Some of the works in this series will focus on an academic audience, including undergraduate and graduate students, as well as professional scholars. Special emphasis, however, will also be on including books that are accessible and appeal to the general public—works that can be understood by a lay reader and thus also work well in classrooms, book clubs, etc.
Please direct proposals to David Congdon, Senior Editor at the University Press of Kansas: email@example.com
Farina King (Diné) is the Horizon Chair in Native American Ecology and Culture and Associate Professor of Native American Studies at the University of Oklahoma. Previously, between 2016 and 2022, she was an associate professor of History at Northeastern State University, Tahlequah. She was also an affiliate of the Cherokee and Indigenous Studies Department and the Director of the NSU Center for Indigenous Community Engagement. She is the President of the Southwest Oral History Association (2021-2022) and author of The Earth Memory Compass: Diné Landscapes and Education in the Twentieth Century.
Kiara M. Vigil (Dakota/Apache) is an associate professor of American Studies at Amherst College, where she specializes in teaching and research related to Native American history, literature, and culture. She is in her third year on Council for the Native American and Indigenous Studies Association (NAISA) and the Editor for the journal SAIL — Studies in American Indian Literatures, published by the University of Nebraska Press. Vigil is the author of Indigenous Intellectuals: Sovereignty, Citizenship, and the American Imagination, 1880–1930.
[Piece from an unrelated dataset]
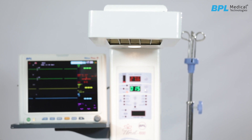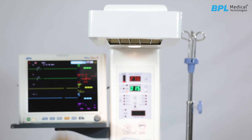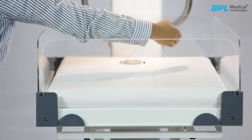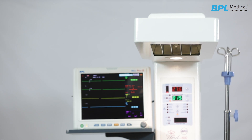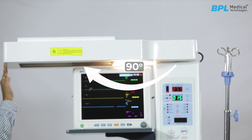In the Fluorate warmer, the parabolic reflector helps focus the heat towards the mattress surface area. The panels minimize heat loss from the baby. The Fluorate heater head can be rotated 90 degrees, making it easier to take an X-ray.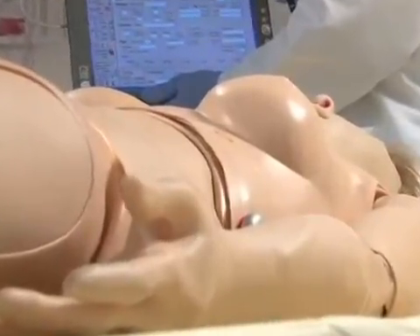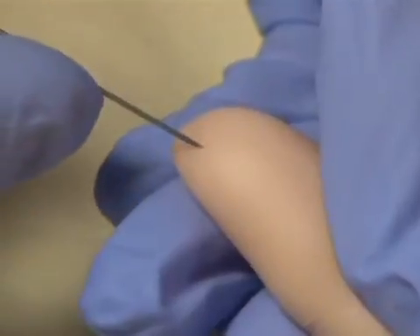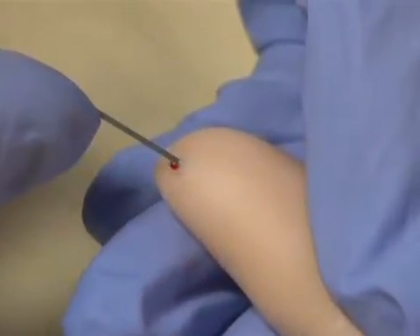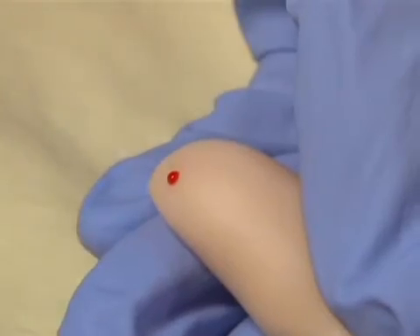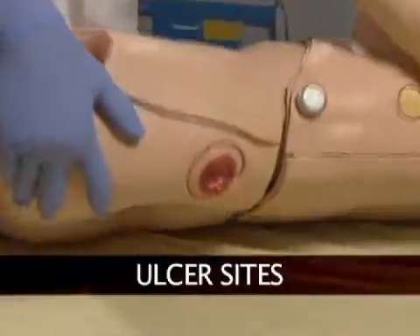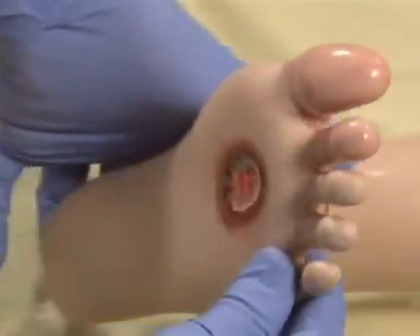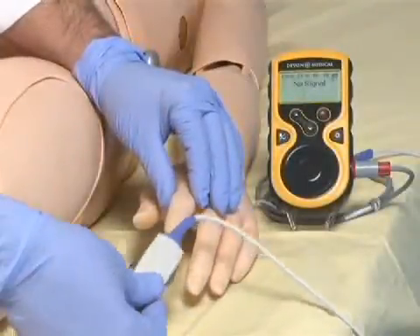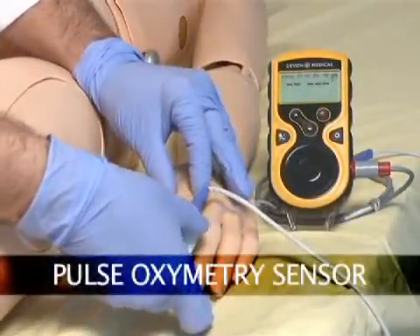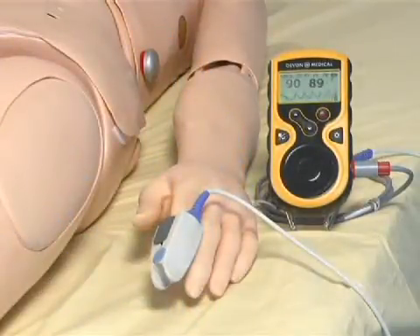There are intensities to choose from. Providers can perform finger stick and draw samples of simulated blood, treat decubitus ulcers and an ulcerated foot. SUSI also features a pulse oximetry sensor within the forefinger of each hand, allowing providers to attach commercially available pulse oximetry devices and determine SUSI's oxygen saturation.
Tai S. Edwards is an associate professor of history at Johnson County Community College in Overland Park, KS where she also serves as the Kansas Studies Institute director. Edwards is an award-winning teacher, focused on U.S., Indigenous peoples, Kansas, and Popular Culture history, with special emphasis on interdisciplinary coteaching that merges history with economics and political science. She also serves as an officer in the Kansas Association for Native American Education (KANAE) and the Kansas Association of Historians (KAH). Edwards is the author of Osage Women and Empire: Gender and Power.